▶ To do: Aside from the pictures, copy the listing exactly.

▶ Data extract:
• • • • •
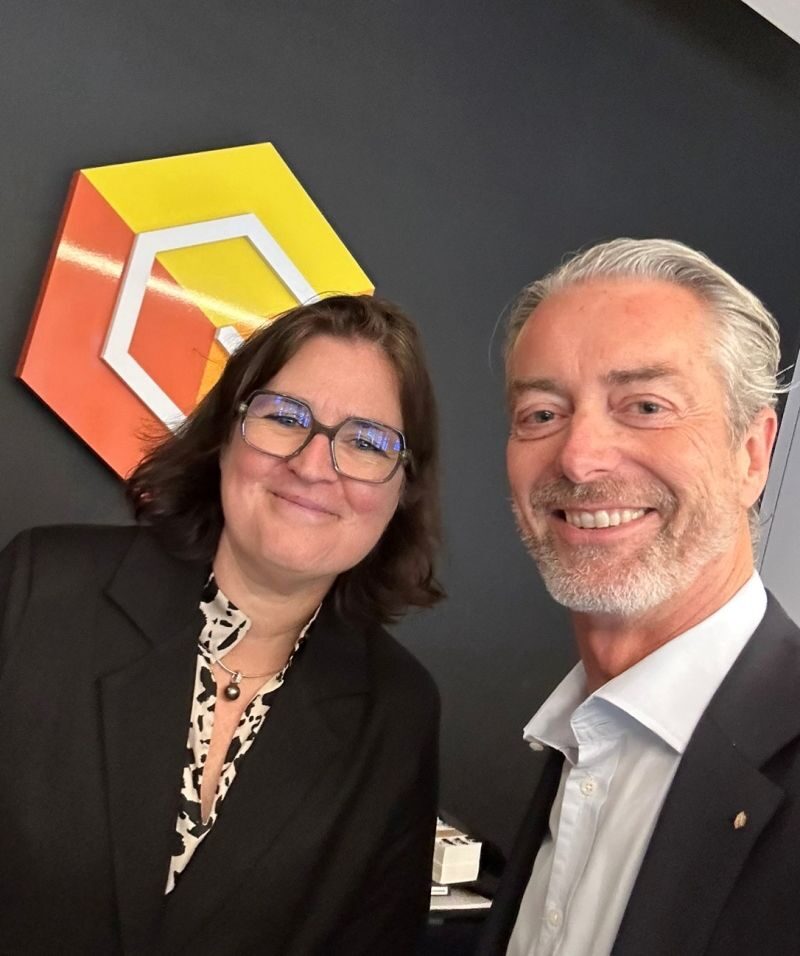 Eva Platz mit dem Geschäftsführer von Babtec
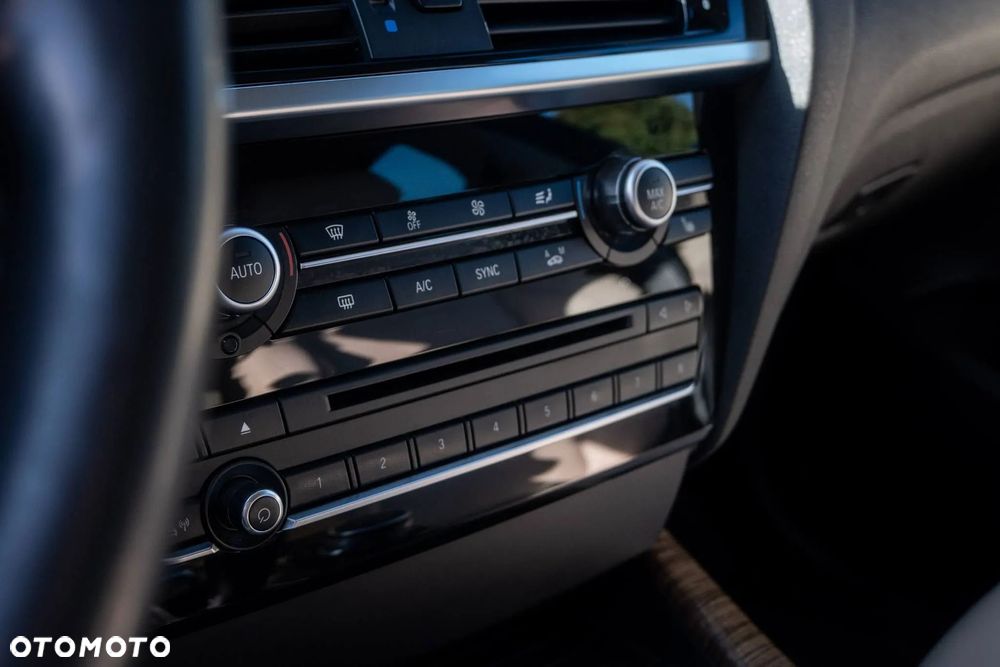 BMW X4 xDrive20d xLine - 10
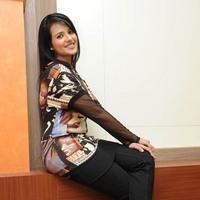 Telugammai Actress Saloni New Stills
• • • • •
▶ Response below:
 Eva Platz mit dem Geschäftsführer von Babtec
 BMW X4 xDrive20d xLine - 10
 Telugammai Actress Saloni New Stills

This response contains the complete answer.